| What you need to do |
With every line kept intact, print the entries that appear below.

| Brief descriptive captions |

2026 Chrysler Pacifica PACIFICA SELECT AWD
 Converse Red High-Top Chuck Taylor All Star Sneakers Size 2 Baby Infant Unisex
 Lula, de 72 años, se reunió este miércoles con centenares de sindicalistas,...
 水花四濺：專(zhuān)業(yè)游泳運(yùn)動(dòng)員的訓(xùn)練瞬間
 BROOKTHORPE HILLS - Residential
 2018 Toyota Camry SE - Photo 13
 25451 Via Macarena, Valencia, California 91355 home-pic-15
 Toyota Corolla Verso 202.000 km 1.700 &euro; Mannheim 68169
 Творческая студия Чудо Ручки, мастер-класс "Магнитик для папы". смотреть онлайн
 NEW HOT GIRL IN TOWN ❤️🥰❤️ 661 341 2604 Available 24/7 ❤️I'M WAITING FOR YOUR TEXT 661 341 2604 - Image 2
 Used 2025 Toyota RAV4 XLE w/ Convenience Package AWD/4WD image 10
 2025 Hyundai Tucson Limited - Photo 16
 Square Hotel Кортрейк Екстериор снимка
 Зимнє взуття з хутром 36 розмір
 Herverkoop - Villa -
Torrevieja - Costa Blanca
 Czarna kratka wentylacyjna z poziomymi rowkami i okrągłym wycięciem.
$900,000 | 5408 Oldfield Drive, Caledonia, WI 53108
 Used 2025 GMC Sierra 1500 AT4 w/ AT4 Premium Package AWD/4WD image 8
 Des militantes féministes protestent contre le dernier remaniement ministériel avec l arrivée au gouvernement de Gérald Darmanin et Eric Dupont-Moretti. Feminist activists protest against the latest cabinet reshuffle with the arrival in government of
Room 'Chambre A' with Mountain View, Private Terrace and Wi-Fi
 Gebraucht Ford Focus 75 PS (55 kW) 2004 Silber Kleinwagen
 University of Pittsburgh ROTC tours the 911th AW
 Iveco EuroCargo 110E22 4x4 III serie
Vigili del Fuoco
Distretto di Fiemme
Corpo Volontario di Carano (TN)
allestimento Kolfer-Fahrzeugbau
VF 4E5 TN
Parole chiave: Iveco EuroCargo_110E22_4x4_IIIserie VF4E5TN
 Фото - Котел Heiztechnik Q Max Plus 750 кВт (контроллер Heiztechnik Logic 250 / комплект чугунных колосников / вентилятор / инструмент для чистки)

| Response |
2026 Chrysler Pacifica PACIFICA SELECT AWD
 Converse Red High-Top Chuck Taylor All Star Sneakers Size 2 Baby Infant Unisex
 Lula, de 72 años, se reunió este miércoles con centenares de sindicalistas,...
 水花四濺：專(zhuān)業(yè)游泳運(yùn)動(dòng)員的訓(xùn)練瞬間
 BROOKTHORPE HILLS - Residential
 2018 Toyota Camry SE - Photo 13
 25451 Via Macarena, Valencia, California 91355 home-pic-15
 Toyota Corolla Verso 202.000 km 1.700 &euro; Mannheim 68169
 Творческая студия Чудо Ручки, мастер-класс "Магнитик для папы". смотреть онлайн
 NEW HOT GIRL IN TOWN ❤️🥰❤️ 661 341 2604 Available 24/7 ❤️I'M WAITING FOR YOUR TEXT 661 341 2604 - Image 2
 Used 2025 Toyota RAV4 XLE w/ Convenience Package AWD/4WD image 10
 2025 Hyundai Tucson Limited - Photo 16
 Square Hotel Кортрейк Екстериор снимка
 Зимнє взуття з хутром 36 розмір
 Herverkoop - Villa -
Torrevieja - Costa Blanca
 Czarna kratka wentylacyjna z poziomymi rowkami i okrągłym wycięciem.
$900,000 | 5408 Oldfield Drive, Caledonia, WI 53108
 Used 2025 GMC Sierra 1500 AT4 w/ AT4 Premium Package AWD/4WD image 8
 Des militantes féministes protestent contre le dernier remaniement ministériel avec l arrivée au gouvernement de Gérald Darmanin et Eric Dupont-Moretti. Feminist activists protest against the latest cabinet reshuffle with the arrival in government of
Room 'Chambre A' with Mountain View, Private Terrace and Wi-Fi
 Gebraucht Ford Focus 75 PS (55 kW) 2004 Silber Kleinwagen
 University of Pittsburgh ROTC tours the 911th AW
 Iveco EuroCargo 110E22 4x4 III serie
Vigili del Fuoco
Distretto di Fiemme
Corpo Volontario di Carano (TN)
allestimento Kolfer-Fahrzeugbau
VF 4E5 TN
Parole chiave: Iveco EuroCargo_110E22_4x4_IIIserie VF4E5TN
 Фото - Котел Heiztechnik Q Max Plus 750 кВт (контроллер Heiztechnik Logic 250 / комплект чугунных колосников / вентилятор / инструмент для чистки)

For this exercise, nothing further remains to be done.